- Agua Poca Location within South America

Highest point
- Coordinates: 37°1′S 68°7′W﻿ / ﻿37.017°S 68.117°W

Geography
- Location: Argentina, part of South America

Geology
- Rock age: Pleistocene
- Mountain type: Volcano
- Last eruption: 600,000 years ago.

= Agua Poca =

Volcano in La Pampa, Argentina

Agua Poca is a monogenetic volcano in the Puelén Department of Argentina. The volcano has the form of a cinder cone and has been active in the Pleistocene.

==Accessibility==

The volcano is situated 60 km southwest of Puelén and it can be reached from the provincial routes Nr 20 and Nr 143 . Unpaved roads lead to the volcano itself.

==Geography==

Agua Poca lies in the western La Pampa Province, close to the boundary with Mendoza province. Two other volcanoes, Del Nido and Escorial/Amarillo are nearby. The volcano has a topographic prominence of 70 m over the surrounding terrain and is a degraded cone.

==Geology==

The volcanism in the Agua Poca area began as fissure eruptions that released large amounts of liquid lavas, forming Agua Poca, El Escorial, Payun Matru and other volcanoes. The volcano is located 530 km east of the Peru–Chile Trench, in the back-arc region.
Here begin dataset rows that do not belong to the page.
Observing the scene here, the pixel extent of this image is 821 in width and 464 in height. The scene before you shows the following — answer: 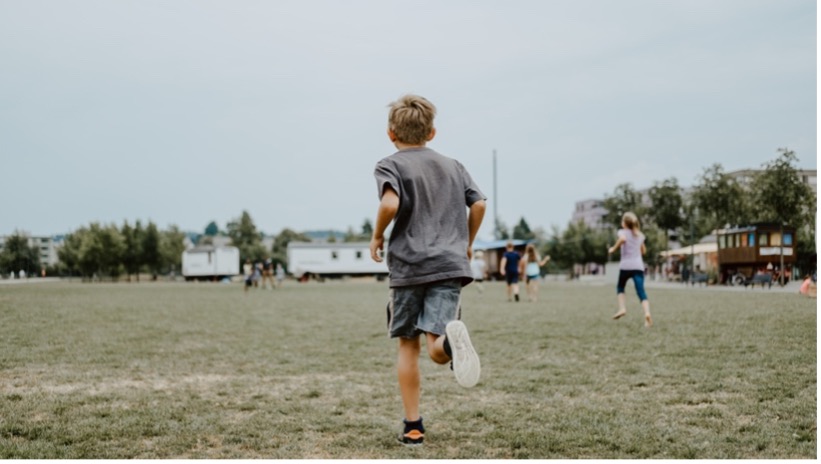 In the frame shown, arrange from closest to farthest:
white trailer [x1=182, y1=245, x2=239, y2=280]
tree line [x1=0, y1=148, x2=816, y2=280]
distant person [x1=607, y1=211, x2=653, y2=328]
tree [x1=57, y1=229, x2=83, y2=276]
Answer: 1. tree [x1=57, y1=229, x2=83, y2=276]
2. tree line [x1=0, y1=148, x2=816, y2=280]
3. distant person [x1=607, y1=211, x2=653, y2=328]
4. white trailer [x1=182, y1=245, x2=239, y2=280]

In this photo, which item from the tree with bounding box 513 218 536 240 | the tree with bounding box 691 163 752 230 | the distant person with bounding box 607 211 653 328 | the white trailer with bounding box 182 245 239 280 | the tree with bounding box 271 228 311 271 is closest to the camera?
the distant person with bounding box 607 211 653 328

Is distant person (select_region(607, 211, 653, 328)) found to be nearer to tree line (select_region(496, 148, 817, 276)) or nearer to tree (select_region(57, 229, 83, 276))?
tree line (select_region(496, 148, 817, 276))

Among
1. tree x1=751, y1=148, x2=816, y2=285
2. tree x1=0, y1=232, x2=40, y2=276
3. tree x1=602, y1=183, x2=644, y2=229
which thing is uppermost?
tree x1=602, y1=183, x2=644, y2=229

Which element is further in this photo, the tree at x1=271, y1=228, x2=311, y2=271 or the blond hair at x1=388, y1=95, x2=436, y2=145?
the tree at x1=271, y1=228, x2=311, y2=271

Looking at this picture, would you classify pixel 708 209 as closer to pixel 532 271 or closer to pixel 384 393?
pixel 532 271

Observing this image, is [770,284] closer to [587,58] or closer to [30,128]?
[587,58]

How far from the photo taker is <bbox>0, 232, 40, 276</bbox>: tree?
9.05 metres

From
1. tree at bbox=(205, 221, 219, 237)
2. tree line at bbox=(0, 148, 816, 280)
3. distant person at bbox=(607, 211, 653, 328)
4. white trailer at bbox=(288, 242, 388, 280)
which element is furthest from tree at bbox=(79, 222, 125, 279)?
tree at bbox=(205, 221, 219, 237)

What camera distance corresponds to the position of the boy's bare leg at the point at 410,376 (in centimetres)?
426

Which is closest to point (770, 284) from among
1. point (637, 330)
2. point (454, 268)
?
point (637, 330)

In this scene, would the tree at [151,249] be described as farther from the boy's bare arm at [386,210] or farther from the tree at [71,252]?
the boy's bare arm at [386,210]

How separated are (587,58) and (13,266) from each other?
6.93 metres

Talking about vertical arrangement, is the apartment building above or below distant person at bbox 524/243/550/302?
above

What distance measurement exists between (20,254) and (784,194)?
46.4 feet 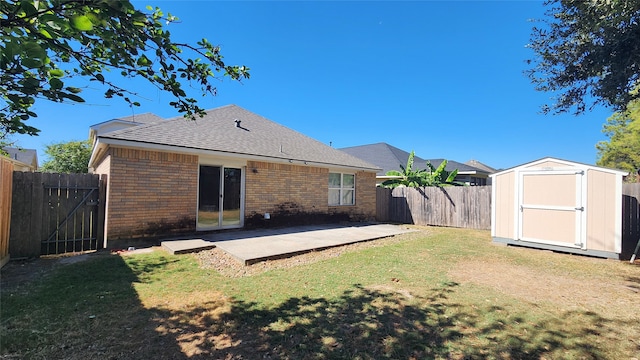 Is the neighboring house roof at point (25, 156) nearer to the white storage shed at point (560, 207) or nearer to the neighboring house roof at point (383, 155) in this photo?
the neighboring house roof at point (383, 155)

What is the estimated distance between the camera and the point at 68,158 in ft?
71.3

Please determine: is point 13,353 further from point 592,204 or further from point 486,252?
point 592,204

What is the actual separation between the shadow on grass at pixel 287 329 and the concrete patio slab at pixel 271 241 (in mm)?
2481

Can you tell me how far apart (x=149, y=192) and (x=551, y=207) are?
11.8 meters

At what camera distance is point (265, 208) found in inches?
419

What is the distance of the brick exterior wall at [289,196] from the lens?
408 inches

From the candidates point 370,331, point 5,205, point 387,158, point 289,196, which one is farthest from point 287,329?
point 387,158

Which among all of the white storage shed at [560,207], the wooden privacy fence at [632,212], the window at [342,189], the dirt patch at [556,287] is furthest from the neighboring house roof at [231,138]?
the wooden privacy fence at [632,212]

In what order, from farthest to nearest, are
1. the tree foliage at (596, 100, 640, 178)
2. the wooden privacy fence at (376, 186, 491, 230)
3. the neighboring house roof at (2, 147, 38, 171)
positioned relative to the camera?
the tree foliage at (596, 100, 640, 178), the neighboring house roof at (2, 147, 38, 171), the wooden privacy fence at (376, 186, 491, 230)

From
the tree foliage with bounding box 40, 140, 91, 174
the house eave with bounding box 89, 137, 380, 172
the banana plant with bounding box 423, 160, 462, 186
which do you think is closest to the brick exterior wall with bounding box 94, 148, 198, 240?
the house eave with bounding box 89, 137, 380, 172

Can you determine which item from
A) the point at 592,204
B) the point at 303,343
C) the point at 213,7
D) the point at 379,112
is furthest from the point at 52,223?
the point at 379,112

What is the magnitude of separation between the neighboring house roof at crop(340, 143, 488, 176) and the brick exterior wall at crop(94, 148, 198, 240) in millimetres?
16311

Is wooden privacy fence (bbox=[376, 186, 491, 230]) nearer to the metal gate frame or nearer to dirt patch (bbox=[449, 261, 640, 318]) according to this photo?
dirt patch (bbox=[449, 261, 640, 318])

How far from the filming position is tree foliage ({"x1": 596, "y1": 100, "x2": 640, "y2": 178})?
94.7 ft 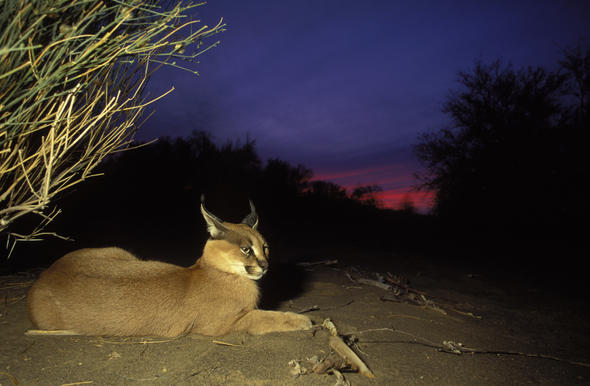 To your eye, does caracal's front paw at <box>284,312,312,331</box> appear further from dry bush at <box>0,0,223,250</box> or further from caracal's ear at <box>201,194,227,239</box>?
dry bush at <box>0,0,223,250</box>

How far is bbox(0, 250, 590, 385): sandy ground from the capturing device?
260cm

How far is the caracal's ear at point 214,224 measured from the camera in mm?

Agua Poca has erupted basalt lava. Bisceglia (1977) assumed that Agua Poca, together with the neighbouring volcanoes Del Nido and Escorial/Amarillo, is the origin of the El Puente basalt formation. Later, Linares et al (1980) assumed that these basalts originated in volcanoes of the Mendoza province with little input from these three volcanoes. The volcano itself has an easily recognizable crater, but part of the volcano's flanks has been subject to gully erosion. The crater is 50 m deep below the crater rim, and the cone itself has dimensions of 650 m-280 m. The cone is constructed from alternating layers of cinder and spatter and contains ultramafic xenoliths. There are two subsidiary structures, Cherro Chico and Loma Sur of small dimensions. Chemically, the lavas of Agua Poca are intra-plate alkali basalts, with some lavas transitioning in tholeiite.

Various geologists have attributed varying ages to these volcanoes, ranging from Pliocene to Holocene. The volcano was active in the Pleistocene, with K-Ar dating indicating an age of 0.6±1 Ma. There have been numerous phases of volcanic activity in the region until recent times, with Agua Poca belonging to the Puente Group given stratigraphic and radiometric data. Activity was strombolian in nature with the formation of Pele's tears and lava bombs and was likely monogenetic in nature. A fault system running through the edifice possibly controlled the activity of this volcano.

The "Cueva de Halada" lava tube is located 5 km away from Agua Poca. Given the small magma output of this volcano, it's likely the tunnel is unrelated to Agua Poca.